西部的人对於环境的反应是极其自然的,假如对於那些人为的、转瞬即逝的东西不能致以正式的哀悼,就只有对它加以嘲笑。虽然边疆上没有神话,却很容易编造出来。这些传说中的英雄都是超人,可是他们也没有什麽惊人的地方∶他们是些可笑的人物,像迈克·芬克一类人物,吃得喝得比平常人多,也比别人能打斗,射得准。西南部英雄人物克罗克特,也是这样一个人物∶他是"老肯塔克的一个旁支,据说老肯塔克能够吃一苹美洲豹,比水牛还能喝,一枪可以射穿月亮。"克罗克特传奇的发展最足以证明,心知其不实甚至伪造的边疆面貌都会有人相信。现实生活中的克罗克特是一个平庸的边疆居民,当过一阵子国会议员,後来对他那一党的总统安德鲁·杰克逊甚感不满。民主党的敌对党自由党,急於争取边区选票,对克罗克特大加拢络,替他写了回忆录──把当时许多荒诞不经的故事统统写进他的回忆录里──把他捧上天去,说他是"半马半鳄",几十年来边疆居民都说他们是这样的动物。幸而他在德克萨斯争取独立的战争里在阿拉莫英勇战死,因而获得不朽。关於他的故事虽然是捏造的,但它适应一种需要,传说一定要有一个中心人物才行。如果克罗克特被人描绘成神,你也不能怪他。其他如水牛比尔和野比尔希科克,都是这个样子。尊贵的头衔──如法官、少校、上校甚至将军──都是编织神话时有用的饰物。有时这些衔头都是真的,有时真假参半,像基特·卡森在印第安人打劫过的篷车中找到一本描写印第安侦察员基特·卡森的廉价小说一样。

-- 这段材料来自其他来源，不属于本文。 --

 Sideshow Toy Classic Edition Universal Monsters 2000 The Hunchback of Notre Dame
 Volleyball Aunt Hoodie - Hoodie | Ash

说真的,当时渗透在美国生活中的尽是些假货,它也是美国幽默中明显的成分,那是从贩卖木头肉蔻的美国北部负贩,到哈特诗中写的袖里藏有二十四张杰克牌的中国异教徒那儿来的。当时美国的生活竞争性很强,欺诈的机会太多了。狄更斯说"精明"是受人欺骗之後得来的。特罗洛普也有同感,有人对他说,"你要明白,一个生活在边疆上的人非精明不可,否则他趁早回到东部去,说不定还得到欧洲去。在那些地方他可以生存。"人们把欺骗的丑恶编入笑话,甚至认为欺骗非常好玩。幽默减轻了欺骗的丑恶,就像月光把西部城镇横七竖八的街道美化了一样。假如人人都是主持演出的人,最终就不会有人上当了。你不可能老是欺骗所有的人,因为他们自己也正忙著尔虞我诈。这是当时的理论,似乎还能行得通。巴纳姆骗人的玩意,使他越来越受人欢迎;只要他经常变换花样就行。乔奎因·米勒说他给印第安人用箭射伤了,比尔斯挖苦他有时用那条好腿一瘸一拐走路,那也只能证明在装假上还需要练习。要说米勒在做作上的确非常认真;他在晚年穿著一套克朗戴克人的服装跟著一个杂耍团到处跑,那是一套皮衣,缀著用金块制成的钮扣。说不定听众里面没人知道他一度学过拉丁文和希腊文。或者就是知道也没有关系,这也只是美国人前後不符逗人好笑而已。例如有些城镇根本就不存在,可是他们用画片宣传说它们存在已久,这情形怎不令人好笑呢?奥利芬特就曾在威斯康辛州访问过这样一个城镇∶
在地政局看过这个城市的规划图以後┅┅,我们出去选择地皮┅┅;我们特别喜欢某几块地的适当位置,它们离开银行只有两个门口,位於一家大旅馆的转角处,面对码头,前面有一大片广场,後面通到汤普森街──事实上就在城里商业区最繁盛的地方,我们开始用钩镰在密茂的森林中开辟道路┅┅这片林子叫做第三街┅┅,直到我们到了一条小河的河床,我们沿河穿过纠结的短树丛(名叫西街),树丛尽头有一个沼泽,就是那主要的广场,沼泽那边长著几乎不能穿越的灌木丛,那正是我们地皮的所在地。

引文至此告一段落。